* Aim of the exercise
All lines from the opening of the data to the line containing "Set trattori ertl" must be returned unchanged, and only those lines.
Data for processing section start
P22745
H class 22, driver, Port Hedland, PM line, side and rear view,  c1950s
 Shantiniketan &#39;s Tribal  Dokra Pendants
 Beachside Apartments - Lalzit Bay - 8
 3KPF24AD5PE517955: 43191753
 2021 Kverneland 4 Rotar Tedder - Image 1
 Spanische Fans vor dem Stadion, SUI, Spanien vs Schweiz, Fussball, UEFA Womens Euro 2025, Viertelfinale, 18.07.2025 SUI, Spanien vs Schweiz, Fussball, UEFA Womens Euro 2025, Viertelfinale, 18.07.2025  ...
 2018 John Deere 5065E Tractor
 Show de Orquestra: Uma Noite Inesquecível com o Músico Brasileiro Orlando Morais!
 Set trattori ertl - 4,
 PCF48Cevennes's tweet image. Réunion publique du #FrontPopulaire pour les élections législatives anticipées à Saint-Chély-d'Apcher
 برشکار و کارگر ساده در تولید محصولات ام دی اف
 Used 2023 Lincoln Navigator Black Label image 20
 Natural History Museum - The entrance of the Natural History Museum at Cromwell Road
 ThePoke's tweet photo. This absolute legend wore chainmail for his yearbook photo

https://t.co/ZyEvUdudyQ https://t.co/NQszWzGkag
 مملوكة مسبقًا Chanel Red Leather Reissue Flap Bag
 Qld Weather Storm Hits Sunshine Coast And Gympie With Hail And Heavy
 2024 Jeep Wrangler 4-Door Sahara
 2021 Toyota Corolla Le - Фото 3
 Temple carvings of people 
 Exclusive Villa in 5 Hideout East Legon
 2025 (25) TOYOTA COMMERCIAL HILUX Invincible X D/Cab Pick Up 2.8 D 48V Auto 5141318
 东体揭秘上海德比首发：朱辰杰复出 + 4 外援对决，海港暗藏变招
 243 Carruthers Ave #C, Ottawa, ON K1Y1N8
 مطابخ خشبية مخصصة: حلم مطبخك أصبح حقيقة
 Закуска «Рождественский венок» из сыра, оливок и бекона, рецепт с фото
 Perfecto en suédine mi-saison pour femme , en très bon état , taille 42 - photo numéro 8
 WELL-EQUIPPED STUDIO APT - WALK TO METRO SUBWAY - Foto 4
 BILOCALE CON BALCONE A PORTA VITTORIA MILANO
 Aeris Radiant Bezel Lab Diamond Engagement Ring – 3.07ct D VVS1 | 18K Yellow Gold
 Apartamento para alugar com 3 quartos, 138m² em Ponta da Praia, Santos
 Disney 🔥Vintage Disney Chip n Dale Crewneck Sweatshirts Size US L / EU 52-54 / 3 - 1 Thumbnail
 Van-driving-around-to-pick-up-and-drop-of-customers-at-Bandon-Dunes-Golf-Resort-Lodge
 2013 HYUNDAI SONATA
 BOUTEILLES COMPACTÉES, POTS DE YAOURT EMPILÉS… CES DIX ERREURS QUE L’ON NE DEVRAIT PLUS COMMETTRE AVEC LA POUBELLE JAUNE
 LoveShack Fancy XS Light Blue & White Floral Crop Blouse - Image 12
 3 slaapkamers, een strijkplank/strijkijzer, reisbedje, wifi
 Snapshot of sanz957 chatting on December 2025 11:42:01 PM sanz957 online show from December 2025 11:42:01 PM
Data for processing section end
* Answer space
P22745
H class 22, driver, Port Hedland, PM line, side and rear view,  c1950s
 Shantiniketan &#39;s Tribal  Dokra Pendants
 Beachside Apartments - Lalzit Bay - 8
 3KPF24AD5PE517955: 43191753
 2021 Kverneland 4 Rotar Tedder - Image 1
 Spanische Fans vor dem Stadion, SUI, Spanien vs Schweiz, Fussball, UEFA Womens Euro 2025, Viertelfinale, 18.07.2025 SUI, Spanien vs Schweiz, Fussball, UEFA Womens Euro 2025, Viertelfinale, 18.07.2025  ...
 2018 John Deere 5065E Tractor
 Show de Orquestra: Uma Noite Inesquecível com o Músico Brasileiro Orlando Morais!
 Set trattori ertl - 4,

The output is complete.